##### SOURCE MATERIAL

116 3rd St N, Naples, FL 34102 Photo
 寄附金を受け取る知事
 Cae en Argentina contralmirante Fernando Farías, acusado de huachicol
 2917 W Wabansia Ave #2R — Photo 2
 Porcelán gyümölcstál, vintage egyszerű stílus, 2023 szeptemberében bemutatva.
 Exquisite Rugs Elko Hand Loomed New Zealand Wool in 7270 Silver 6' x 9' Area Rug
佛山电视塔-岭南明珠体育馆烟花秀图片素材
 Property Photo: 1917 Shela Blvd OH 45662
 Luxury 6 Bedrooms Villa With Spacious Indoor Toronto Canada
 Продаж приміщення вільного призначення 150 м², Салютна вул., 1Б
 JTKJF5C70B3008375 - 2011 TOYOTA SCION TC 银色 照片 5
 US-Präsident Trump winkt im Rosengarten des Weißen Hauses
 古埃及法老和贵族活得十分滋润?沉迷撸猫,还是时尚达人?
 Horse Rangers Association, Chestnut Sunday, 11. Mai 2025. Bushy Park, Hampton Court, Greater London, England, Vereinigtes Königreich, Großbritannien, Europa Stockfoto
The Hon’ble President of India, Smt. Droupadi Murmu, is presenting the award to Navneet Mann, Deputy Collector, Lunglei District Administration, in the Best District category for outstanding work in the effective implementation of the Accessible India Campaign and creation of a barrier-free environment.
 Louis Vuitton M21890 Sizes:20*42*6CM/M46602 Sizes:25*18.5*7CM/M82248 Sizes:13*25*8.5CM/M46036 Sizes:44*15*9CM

##########

__TASK BRIEF__
A verbatim copy of the records above should be returned.

__TASK OUTPUT__
116 3rd St N, Naples, FL 34102 Photo
 寄附金を受け取る知事
 Cae en Argentina contralmirante Fernando Farías, acusado de huachicol
 2917 W Wabansia Ave #2R — Photo 2
 Porcelán gyümölcstál, vintage egyszerű stílus, 2023 szeptemberében bemutatva.
 Exquisite Rugs Elko Hand Loomed New Zealand Wool in 7270 Silver 6' x 9' Area Rug
佛山电视塔-岭南明珠体育馆烟花秀图片素材
 Property Photo: 1917 Shela Blvd OH 45662
 Luxury 6 Bedrooms Villa With Spacious Indoor Toronto Canada
 Продаж приміщення вільного призначення 150 м², Салютна вул., 1Б
 JTKJF5C70B3008375 - 2011 TOYOTA SCION TC 银色 照片 5
 US-Präsident Trump winkt im Rosengarten des Weißen Hauses
 古埃及法老和贵族活得十分滋润?沉迷撸猫,还是时尚达人?
 Horse Rangers Association, Chestnut Sunday, 11. Mai 2025. Bushy Park, Hampton Court, Greater London, England, Vereinigtes Königreich, Großbritannien, Europa Stockfoto
The Hon’ble President of India, Smt. Droupadi Murmu, is presenting the award to Navneet Mann, Deputy Collector, Lunglei District Administration, in the Best District category for outstanding work in the effective implementation of the Accessible India Campaign and creation of a barrier-free environment.
 Louis Vuitton M21890 Sizes:20*42*6CM/M46602 Sizes:25*18.5*7CM/M82248 Sizes:13*25*8.5CM/M46036 Sizes:44*15*9CM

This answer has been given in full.